Japan is well known for earthquakes, with major earthquakes occurring once in every 100years.
Inevitable natural disaster is the despair that we have to live with.
However, Japanese people even made earthquake into a comical character, so called "Namazu-e"(namazu=catfish).
Namazu-e is the ukiyo-e which was painted and widely spread in 1855 when the large earthquake came.
The legend was derived from the anxiety about the major earthquake: an earthquake occurs when the gigantic catfish, believed to be living underneath Japan, goes mad. Since then, various catfishes were depicted; the one in rampage, helping people to reconstruct, and apologizing to people by the wreckage. It resulted in the image of earthquake as catfish among Japanese people. Nowadays, there's always a catfish on earthquake-related items such as the earthquake sign in town or an iPhone app which alerts up-coming earthquake.
I recalled this catfish when 311 happened in 2011. There was a rumor on the Web, "was it the catfish went mad again?" . We all knew that the catfish doesn't exist and it is a superstition. However, we are so desperate that we had to beg the catfish, like calling on God, knowing it's superstitious. So we went to a Japanese cuisine to help out the catfish on the verge of being cooked. We took him to the shrine known for the earthquake and catfish, made him promise "never let the earthquake happen again." After that we set him free in the river. This movie is the documentary of our 3 days with the catfish.

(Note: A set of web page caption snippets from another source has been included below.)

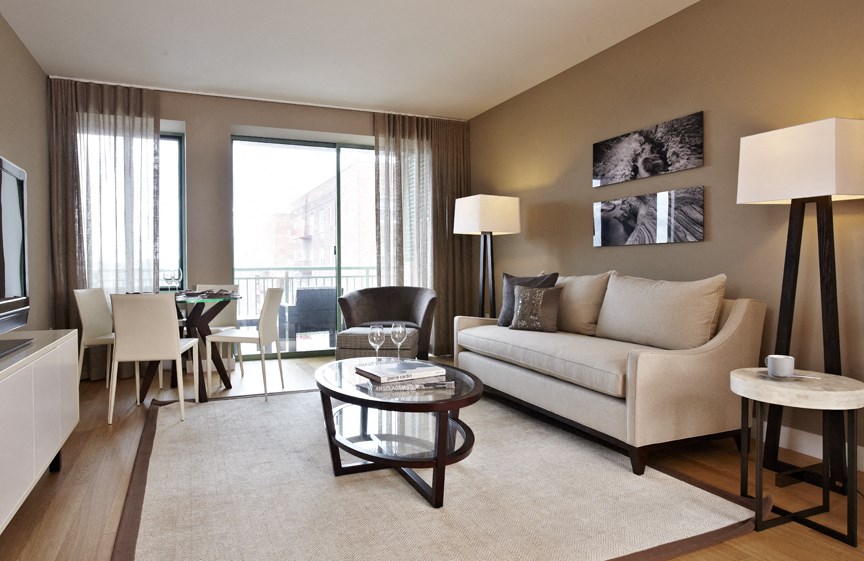 a living room with a couch and a table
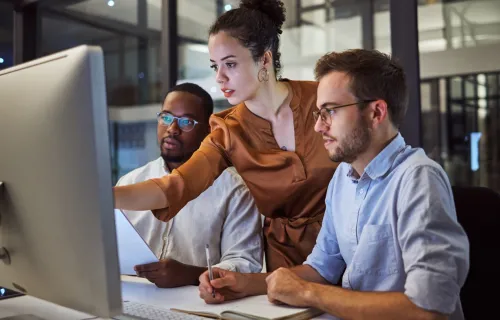 Three colleagues working agiley at a computer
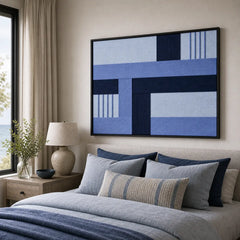 Nordic Tide geometric framed wall art creating a calming focal point in a cozy bedroom above a neatly styled blue bed.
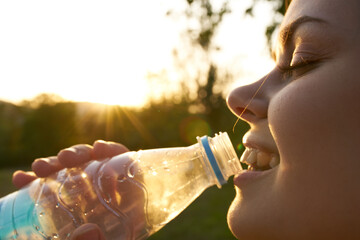 woman drinks water from a plastic bottle outdoors in summer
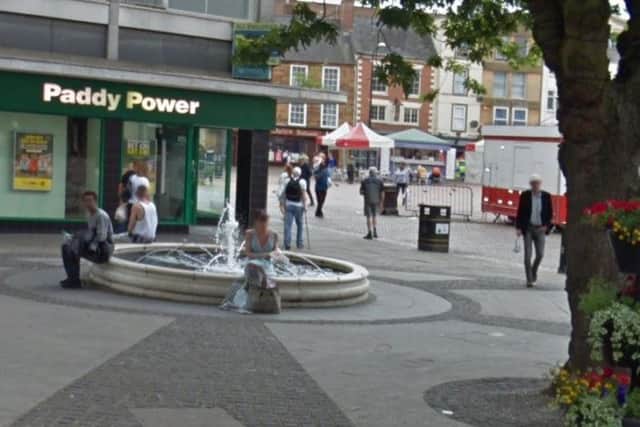 Coulson threatened the schoolgirl with the knife near the fountain on Market Square.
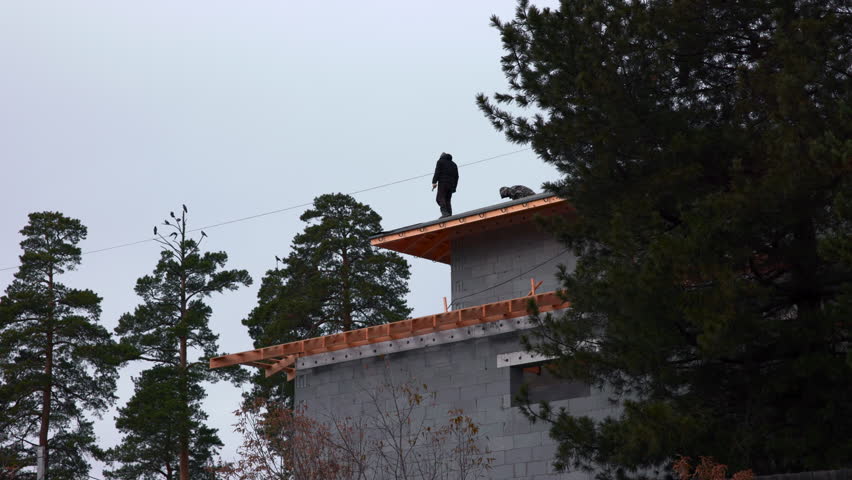 Mystery Figure Observes From Red Roof Top, Person In Silhouette Surveys Wilderness From Rustic Cabin Edge . Media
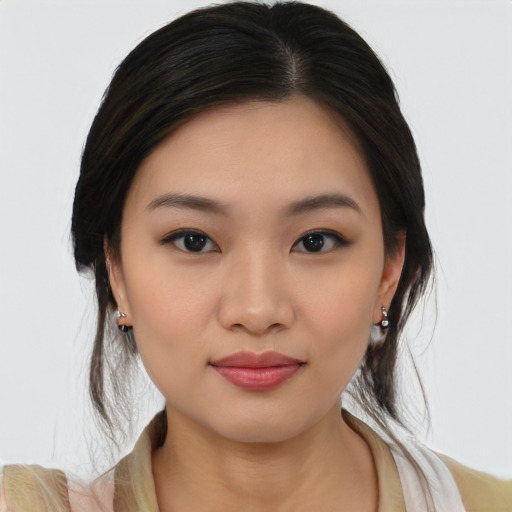 Joyful asian young-adult female with medium  brown hair and brown eyes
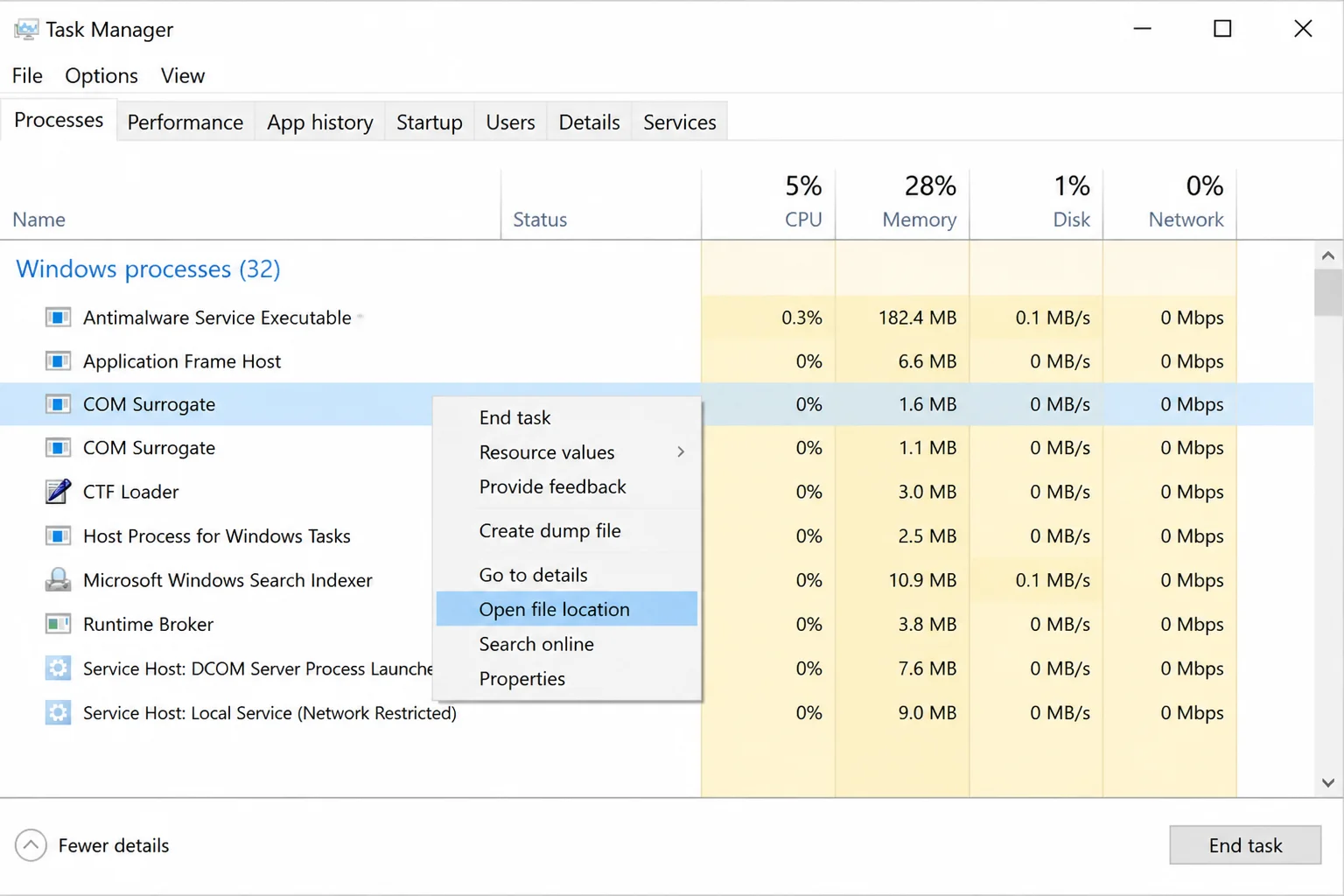 Task Manager Processes tab with COM Surrogate right-clicked and "Open file location" highlighted in the context menu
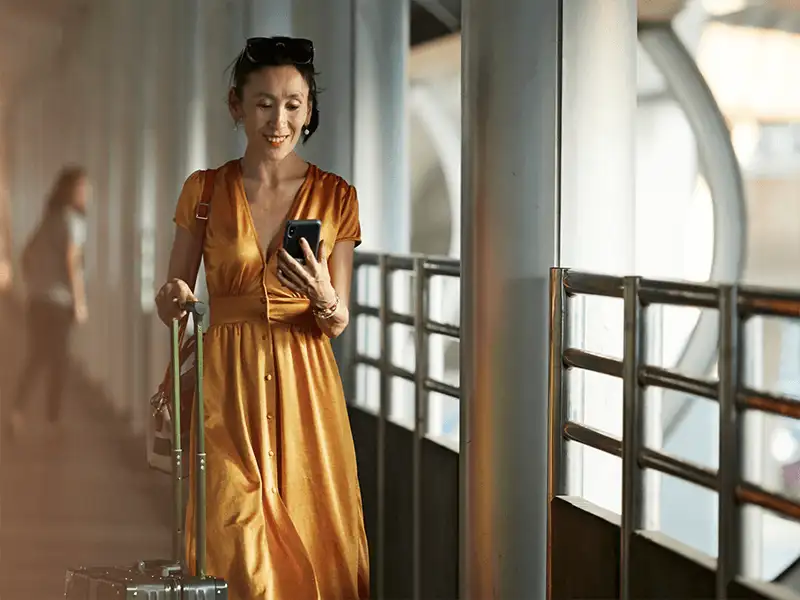 Woman in an orange dress walking with luggage on a covered bridge looking at her mobile device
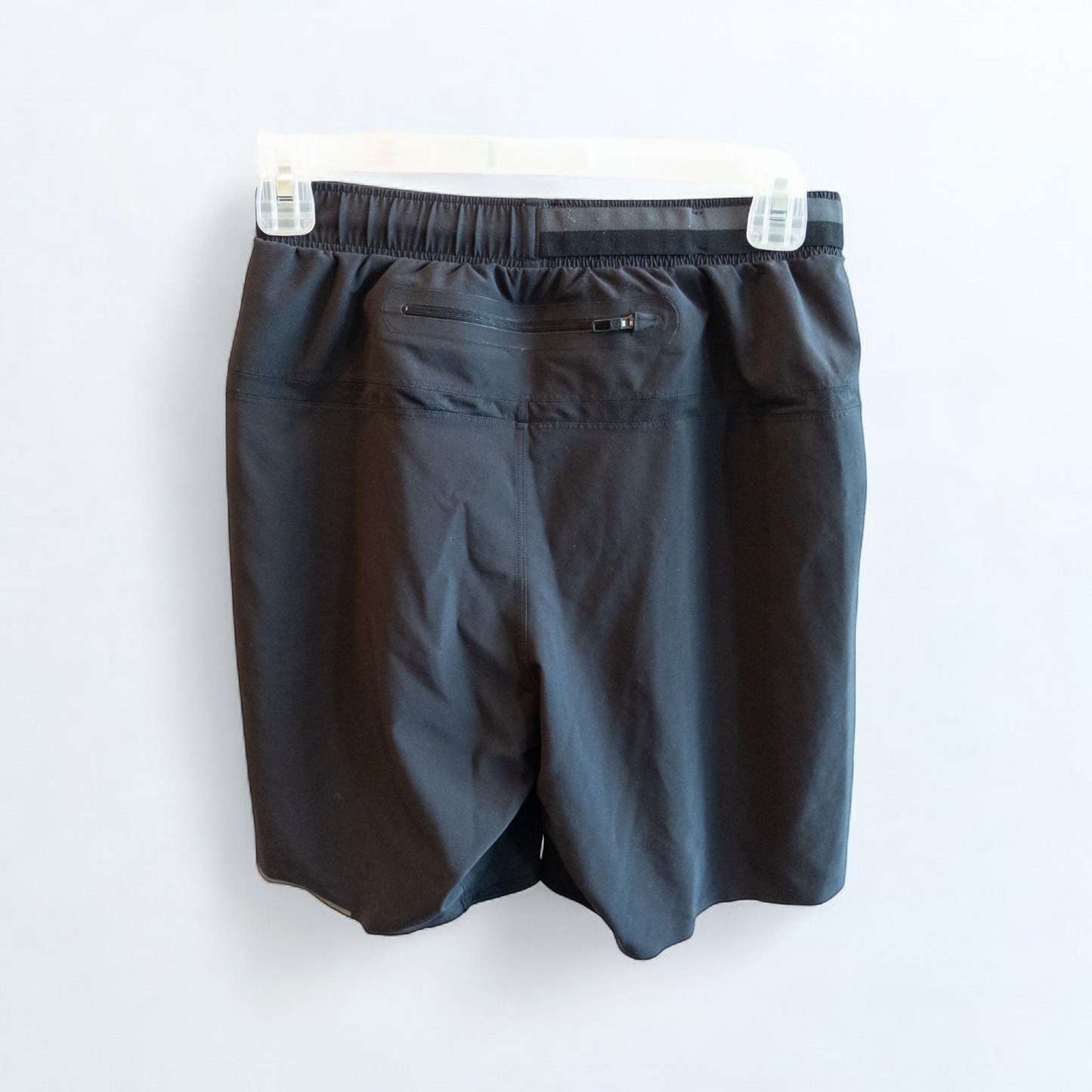 Black lululemon men's lightweight athletic shorts with elastic waistband and drawstring tie hanging on clips image 4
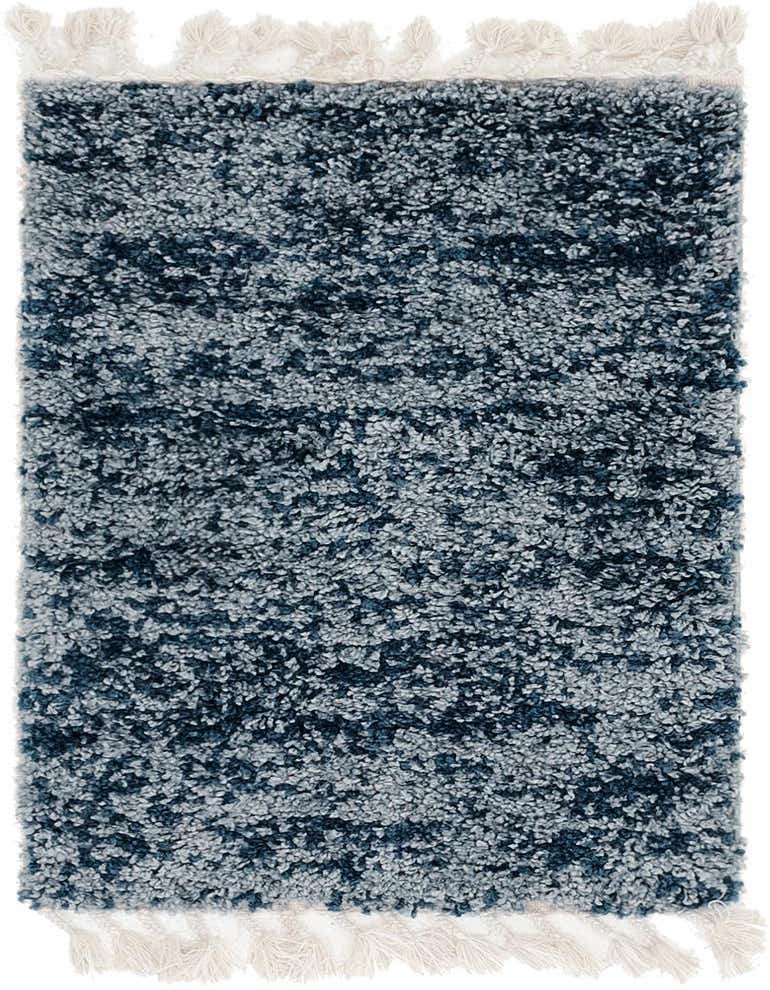A 2x3 rectangular Athena Shag rug in varying shades of blue, featuring a plush pile and decorative white tassels.
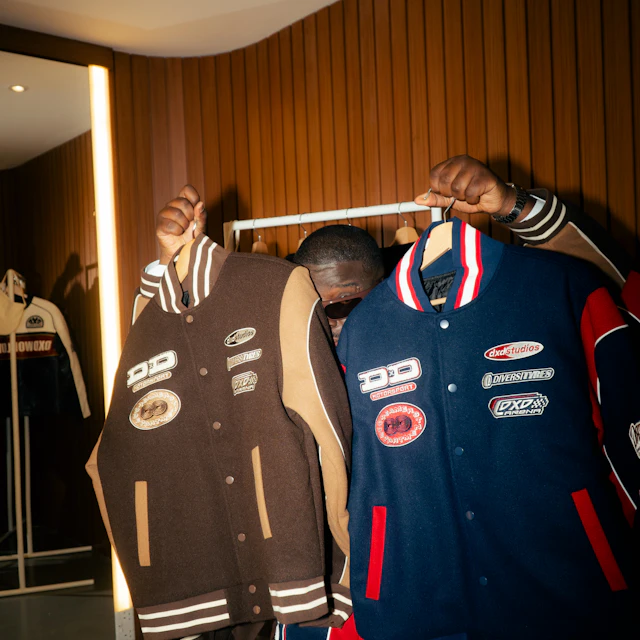 A man holding up two varsity jackets, one brown and one blue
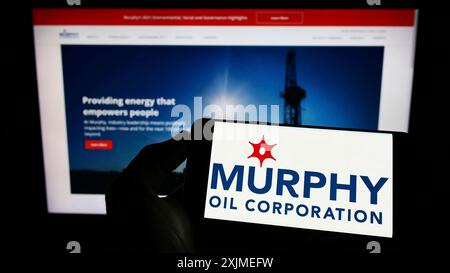 Stuttgart, Deutschland, 06.11.2022: Person, die ein Handy hält, mit dem Logo des amerikanischen Explorationsunternehmens Murphy Oil Corporation auf dem Bildschirm vor dem Bildschirm Stockfoto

-Exchanging vow with the catfish we saved-
Kansai (west) area shook when we were in elementary school.
Tohoku (north-east) area shook when we became adults.
It is natural that someday the ground right beneath us will shake too.
Under our feet, there's an active fault which leaps and ends the world once in a thousand or 100,000 years.
When we call, we call on God.
Although we don't know if he really exists or not.
Actually we believe he doesn't.
But we still call on him.
The gigantic catfish may not exist either.
But we still beg him.
Vow with the catfish.
It's similar to prayer.
The whole place, around the power plant, may no longer be inhabitable, yet, there may be almost nothing that we can do.
So, I wrote the letter, the "human (人) character," onto plies and mountains of rubble and wastes, while repetitiously speaking to myself, "the word ''human' is made with two people supporting each other," on and on, and on.
* There were more than 1,000 people killed by the Tsunami in this district, and more than 200 still remain missing.